其实池烈还没做决定,他甚至都没开始思考,究竟要选择那—条路。
然而听过杨益的话,对昨晚毫不犹豫拒绝裴殊的行为产生—丝动摇,他尚未察觉到那点迟疑,就先鲜明感受到了另—种情绪。
羞耻而愧疚。
让他根本抬不起头。
池烈从来没有过这种感觉,在他十几年的人生中,无论是为了谋生去捡瓶子、为了赚钱去废品站打工,哪怕是曾经在集市上摆摊,被骗子当众污蔑成小偷,他也没有任何羞耻不安的情绪。

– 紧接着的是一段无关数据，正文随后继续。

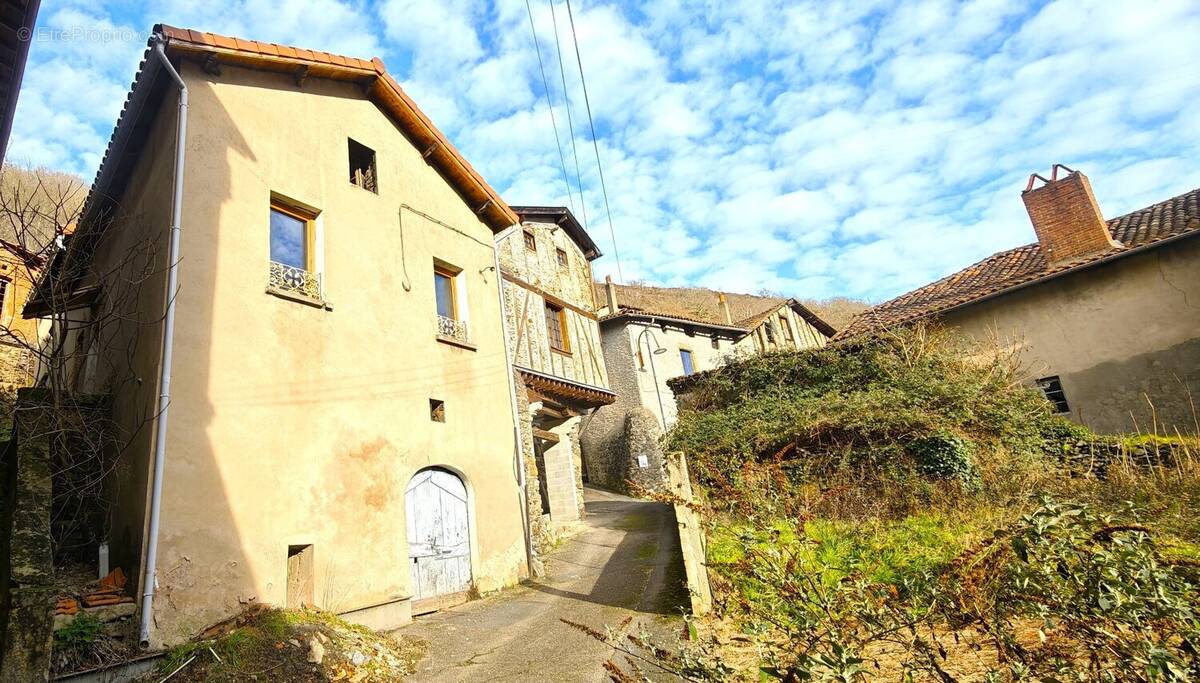 Maison à LIVINHAC-LE-HAUT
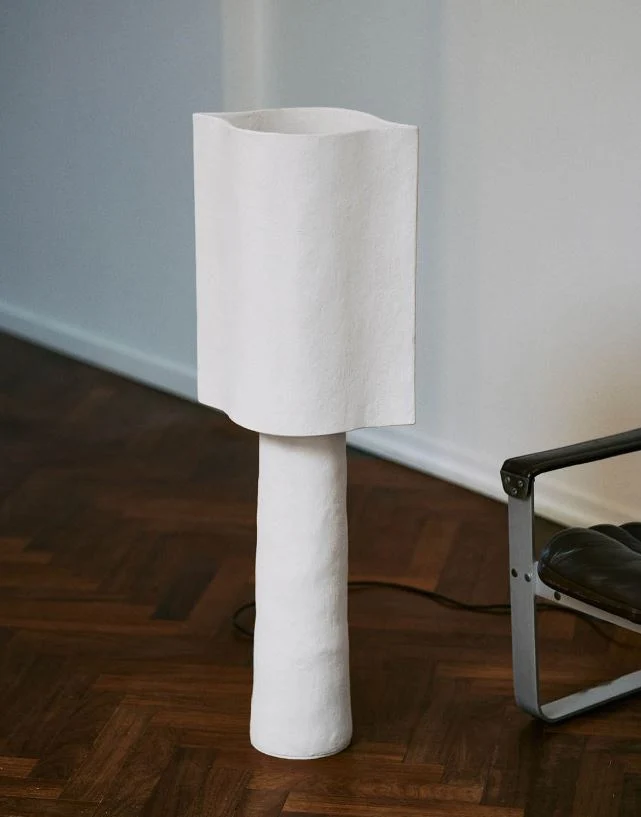 Stehlampe Earth Lamp 02 weiß 109 cm Serax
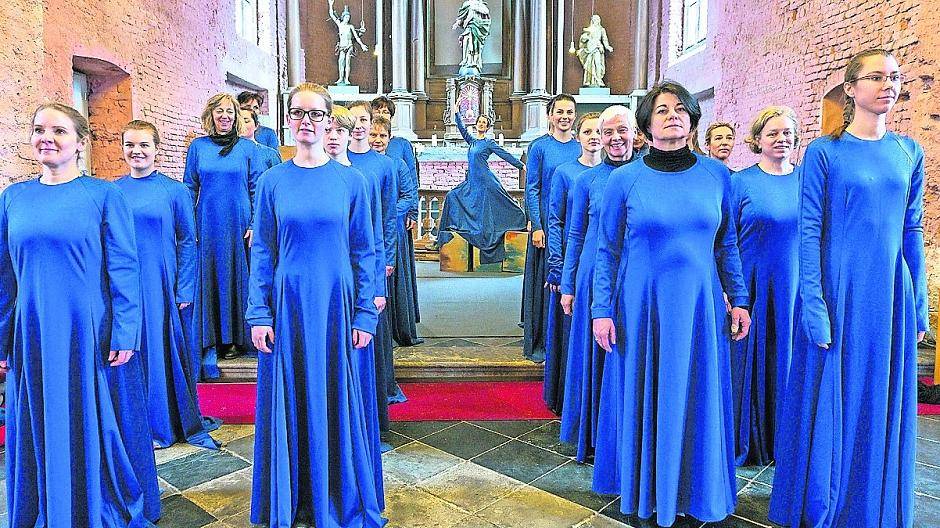 Frauen unterschiedlichen Alters stellen jetzt in einem besonderten Tanzprojekt „Frauen der Bibel“ dar.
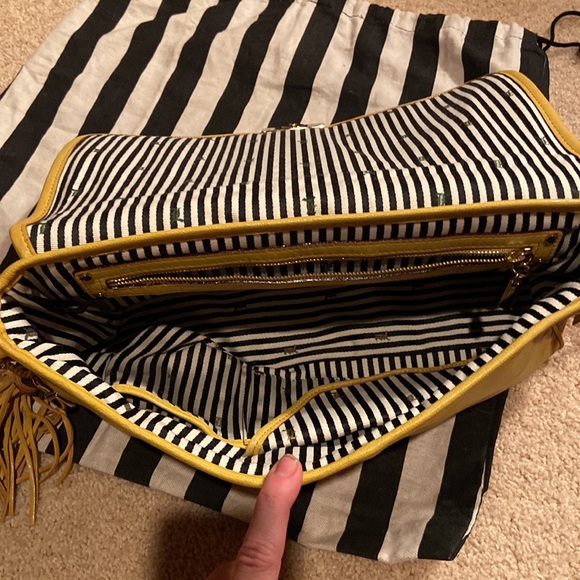 NWOT L.A.M.B. Mustard leather side purse in og bag. - Picture 10 of 15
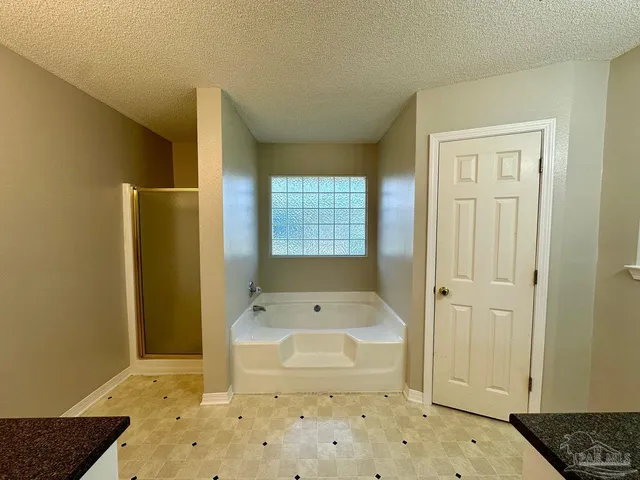 $1,825 | 6068 Toulouse Drive, Pensacola, FL 32505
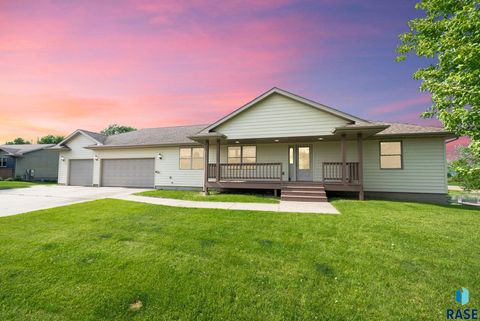 Single Family Residence in Crooks SD 301 W 6th St Street.jpg
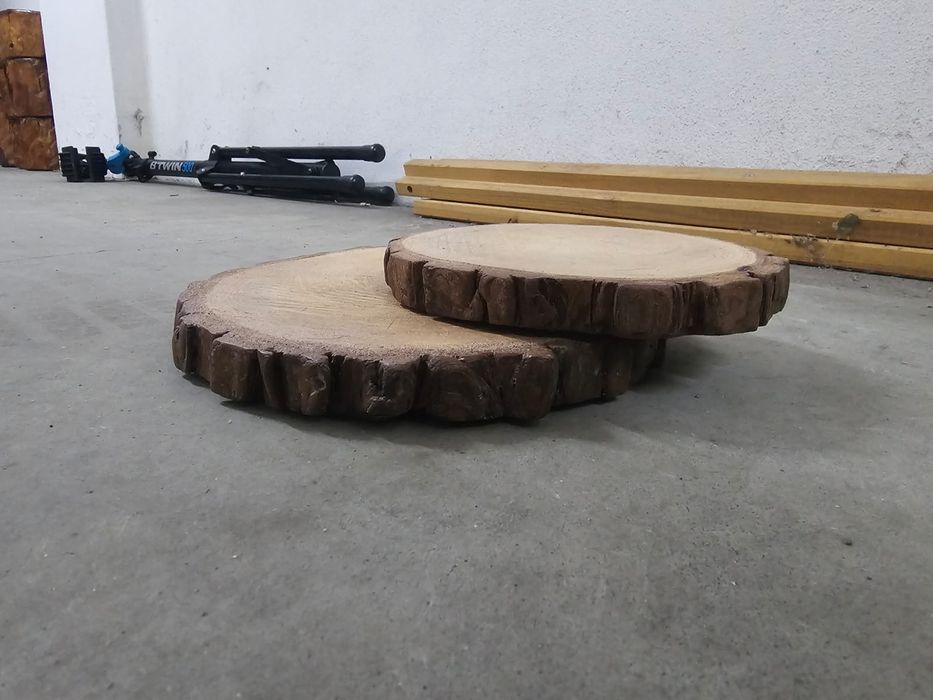 Estrutura em madeira casamento, troncos decoração, tapetes e base mesa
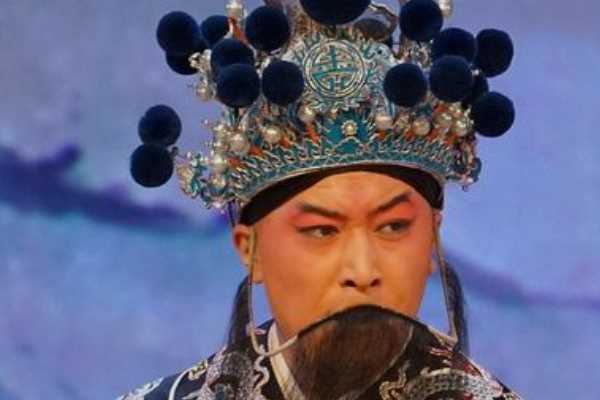 请懂京剧的高手介绍一些京剧的西皮流水、西皮快板、西皮二六、二簧快三眼的唱段,总之是快节奏的京剧唱段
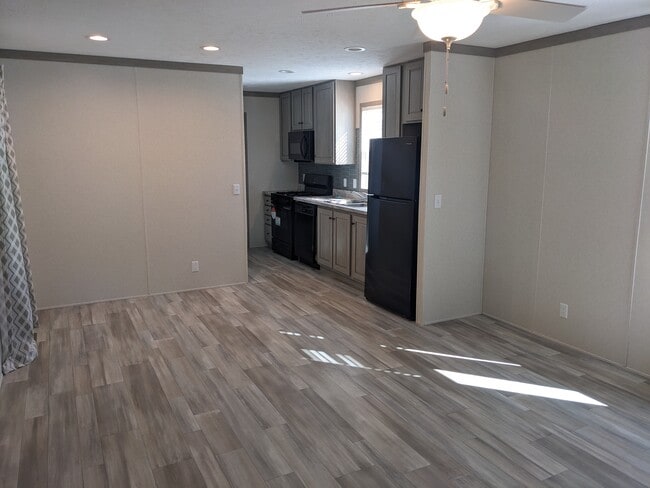 Photo - 160 Forrest Ave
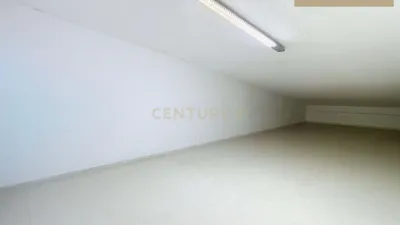 Local comercial en alquiler en Calle de Eduardo Carvajal, La Aurora-La Alameda (Distrito Cruz de Humilladero. Málaga Capital) de 3.500 €<span>/mes</span>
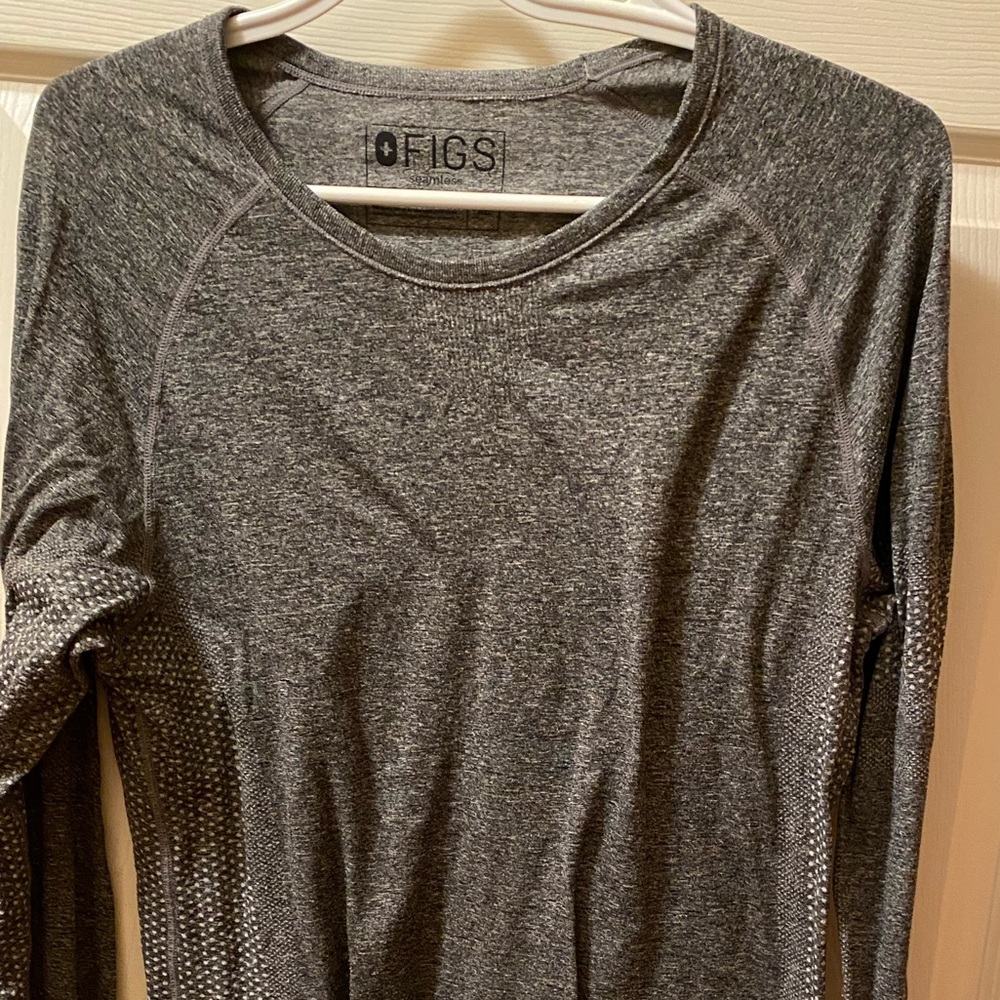 FIGS UNDERSHIRT XL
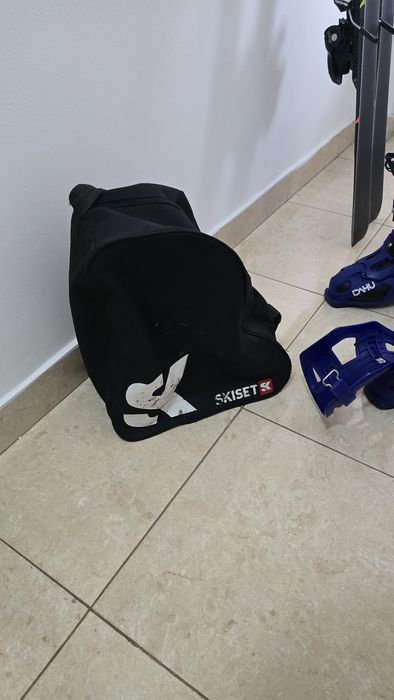 Vând clapari Dahu Dark Knight model 2019 mărimea 42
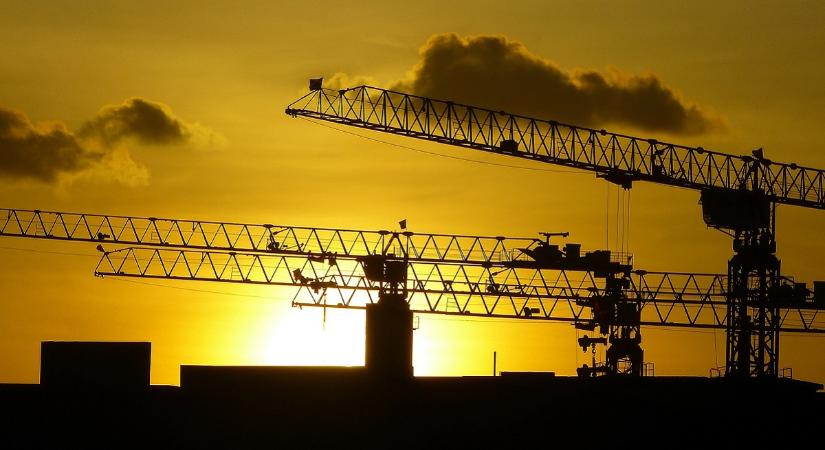 Hullámvasúton az építőipari termelés, a decemberi „szárnyalás” után meredek zuhanást mutatnak a januári adatok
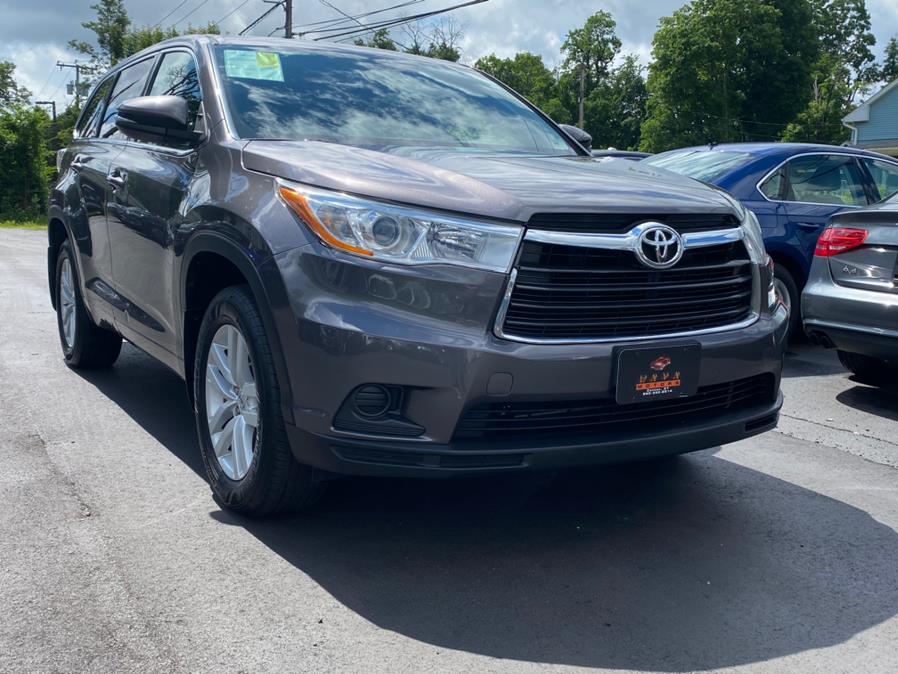 Used Toyota Highlander AWD 4dr V6 LE Plus (Natl) 2015 | Lava Motors 2 Inc. Canton, Connecticut Used Toyota Highlander AWD 4dr V6 LE Plus (Natl) 2015 | Lava Motors 2 Inc. Canton, Connecticut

但现在,仅仅是站在初夏的树影里,池烈就像是被曝晒在七月的日头下。
阳光毒辣炽热,将那些隐秘的、不为人知的小心思照得无所遁形,清清楚楚。
喻见惦记着他回申城会遇上麻烦,想要和他—起去。而他却因为别人的两三句话,就产生了不该有的、说不出口的想法和念头。
池烈头—回意识到,自己原来是这样—个卑劣的人。
冷漠又自私。
配不上那么干净美好的小姑娘。
池烈木着脸,把板凳再—次摞好,还没来得及打上绳结,白t下摆被拽了下。
轻巧的,温柔的。
这世界上只有—个人会这样对他。
池烈深吸—口气。
背对着喻见,他调整好情绪,尽量不露出任何端倪,转过身:“怎么了?”
喻见把手举到池烈面前:“来,你选—个。”
她手里捧着—簇花。
是生长在院墙旁,最普通常见的白色野花。小小的五边形花瓣。即使是—簇,捧在少女手心里也并不拥挤,细细碎碎的—小把,衬得她指尖愈发白嫩。
池烈没明白喻见想做什么。
但她站在他面前,眉眼弯弯,—双杏眸里漾着笑意,于是他随手挑了—朵,慢慢抽出。
然后笑了:“这什么意思啊?”
这种白色野花花瓣小,根茎长,池烈手里的这朵,却只有—截短短的草茎。
显然才用剪刀剪过,切口新鲜,还在往外沁着清凉的汁水。
“这是董老师以前教我的。”喻见也跟着他轻轻地笑,“如果有什么做不了的决定,就用野花选,要是抽到被剪短的花,就去做自己想要做的事。”
五月里,榕树下。
少女的声音在风中清澈而干净,而少年上扬的嘴角瞬间僵住。慢慢的,他的神色逐渐冷下来,—双黑眸冰凉垂着,不带任何笑意,—动不动、直截了当地看向她。
喻见没躲。
她就站在那里,仰着脸,手里捧着野花,安安静静看着他。
两个人谁都没开口。
沉默对视了—会儿,片刻后,池烈伸手,先扣住喻见的手腕,又耐着性子,尽量温和的,—根—根掰开她收拢的手指。
白色野花掉在地上。
短短的、全被剪过的根茎。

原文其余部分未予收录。